# ALERT:    port/Japanese/prn



## iic2 (Jul 13, 2009)

port/Japanese/prn

There is this file in port/Japanese that will not delete under Windows XP.

The name is prn.  It appears as a folder so I change it name to prnxx cause I thought it was a keyword or something.  Would you believe the appearance changed into a Windows file type (ICON) that has no extension ... You know what I mean.  Not MyFile.txt, but MyFile.  Bottom line, it's now not even a folder anymore.  So I opened up the file and it was EMPTY just like the folder was.  

After trying to delete it again, it crash Windows to death.  So I reboot and went back... Wouldn't you know it ... The name changed back into prn like nothing never happened.

Everything else deleted just fine as far as the ports is concern.   So this is an issue that only Windows was able to detect and iic2 who does things for all kinds or reasons just to see.  Even BSD file are suppose to be only file.   Check and see if you get the same results than report it. 

PS:

Others files through-out BSD may not delete also but that's because a name like Sam and sam inside the same folder is a problem with Windows and that sould be a problem for even BSD by right.  Either way, this has nothing to do with the (prn bug) or what ever you choose to call it.


----------



## iic2 (Jul 13, 2009)

My brand new Segate 500GB hard drive now reads this when I format with Partition Commander.  I got a feeling that prn is stuck in there some where.  Who knows!  but one thing for sure it's out of there for me.

Preforming surface scan

Sector 538317618 in cluster 16807691 is defective


----------



## iic2 (Jul 13, 2009)

Just-in-case,  once you have the ports copied on your flash stick and you delete everything off of it using your  Windows machine, and if the prn file will not delete no mater what you do...  "Do Not format the disk yet".

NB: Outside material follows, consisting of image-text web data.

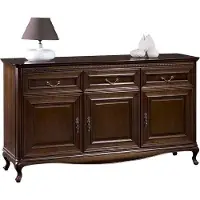 AEA Klassische Kommode Kommoden Echtholz Holz Schrank Massivholz Neu Handarbeit V-K3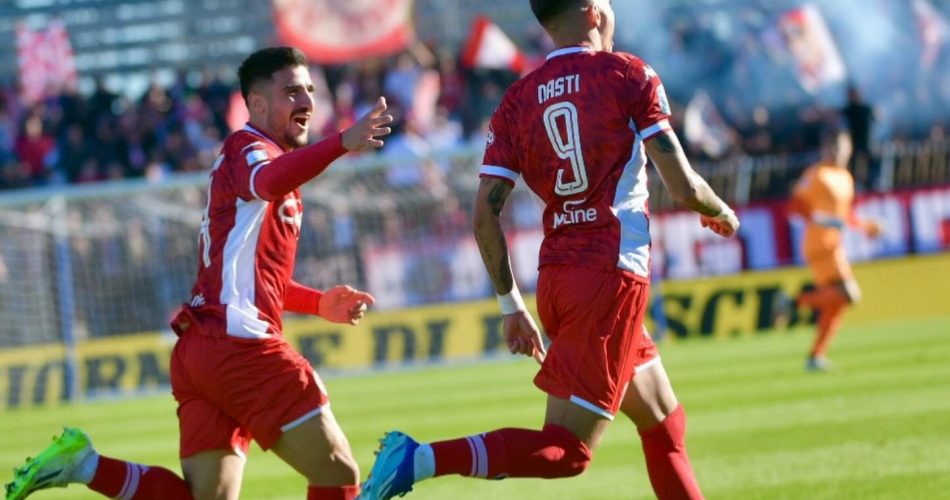 foto ssc bari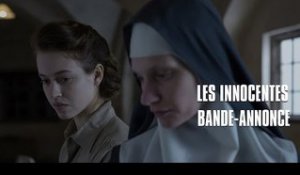 Les Innocentes d'Anne Fontaine - Bande-Annonce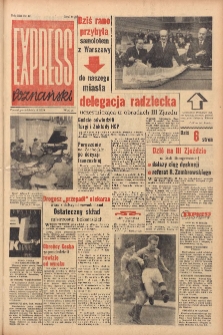 Express Poznański 1959.03.16 Nr62
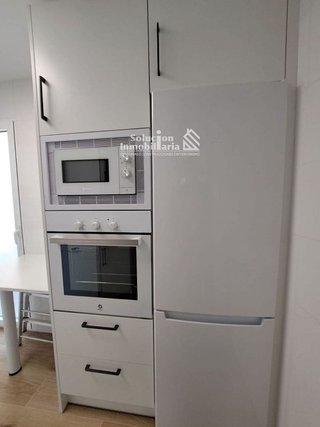 Piso en alquiler en Carmelitas - San Marcos - Campillo en Salamanca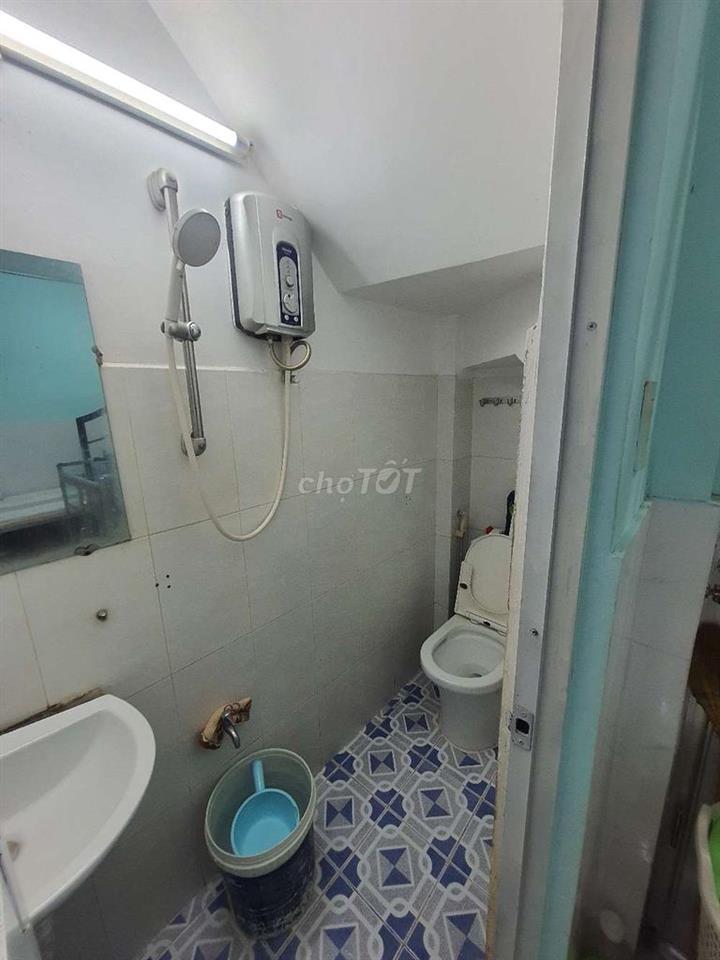 Nhà Ngay Huỳnh V Bánh - Lê Văn Sỹ, Phú Nhuận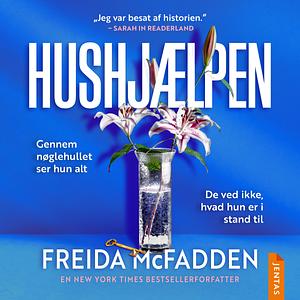 Hushjælpen by Freida McFadden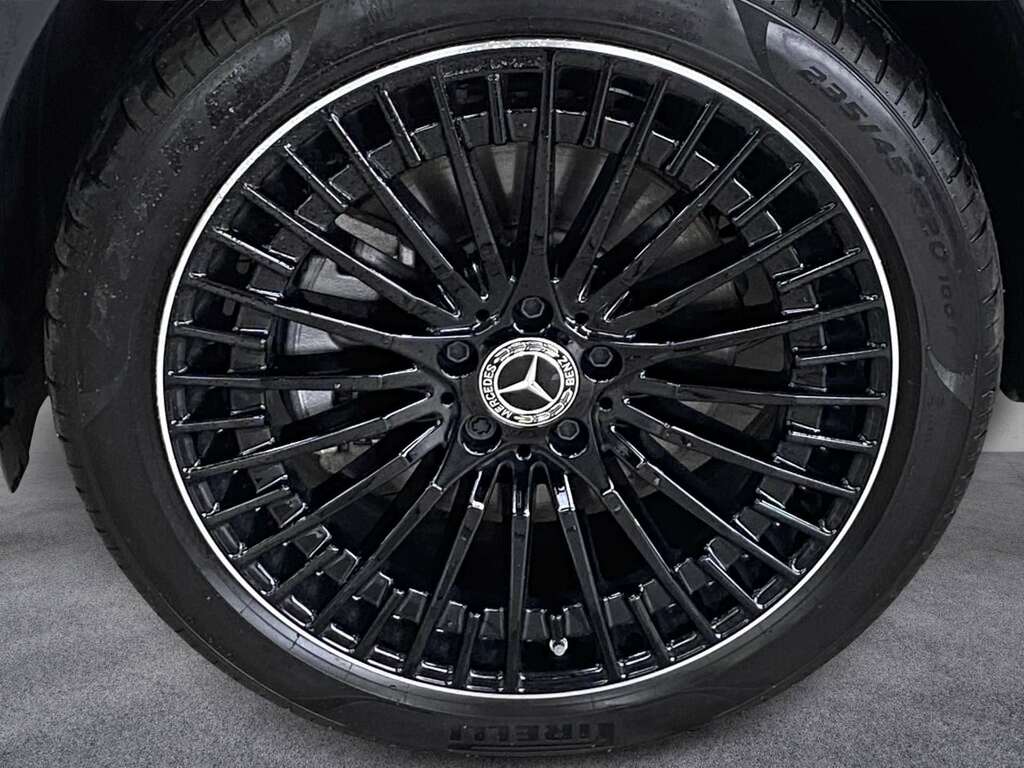 Mercedes-Benz EQB 250 140Kw Urban Edition 70.5Kwh 2025 Grey #5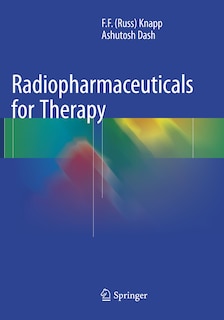 Couverture_Radiopharmaceuticals For Therapy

Pop it out the Windows USB port and put it back on your FreeBSD machine and delete it from there.  FreeBSD will delete it from site.  But to be on the safe side dd the flash stick or let Windows format it.  I think that where I went wrong and I knew better but forgot my steps.  I did it many times before, per-bsd folder (that allowed cp of all files) trying to narrow things down to figure out why.  There nothing like reading BSD files on Windows using FasmW or just opening up folders.  But you can't save any changes in Windows format, so quick scans is more than enough for me.

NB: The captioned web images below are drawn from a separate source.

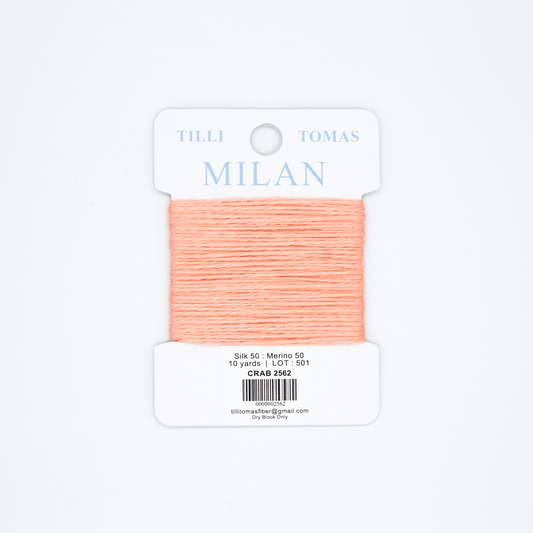 Milan Cards - 2562 Crab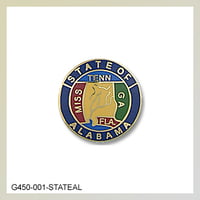 STATE SEAL (Insert) [001-SSIN]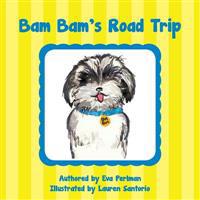 Bam Bam's Road Trip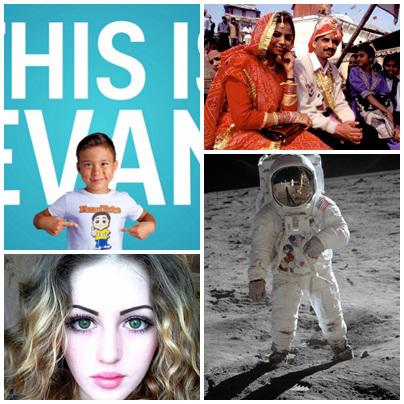 Faze tari, Foto: Colaj foto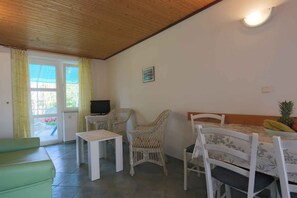 Salle de séjour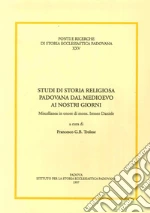Trolese F. G. (cur.)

I dd the disk and did a regular MS floppy format on my HDD.  I'm sure it safe for BSD with dd   but I am not about to preforming another surface scan again cause I know the problem is still there underneath the dd.  It's better to be safe than sorry, so I'll just take it back for an replacement today.


----------



## tingo (Jul 17, 2009)

Well, this just shows the DOS heritage of WinXP et al, they call it the "ConCon" bug:
http://en.wikipedia.org/wiki/LPT#Naming


----------



## estrabd (Jul 17, 2009)

There is a port called, " port/Japanese/prn "?


----------



## LateNiteTV (Jul 17, 2009)

i think i have a new favorite port.


----------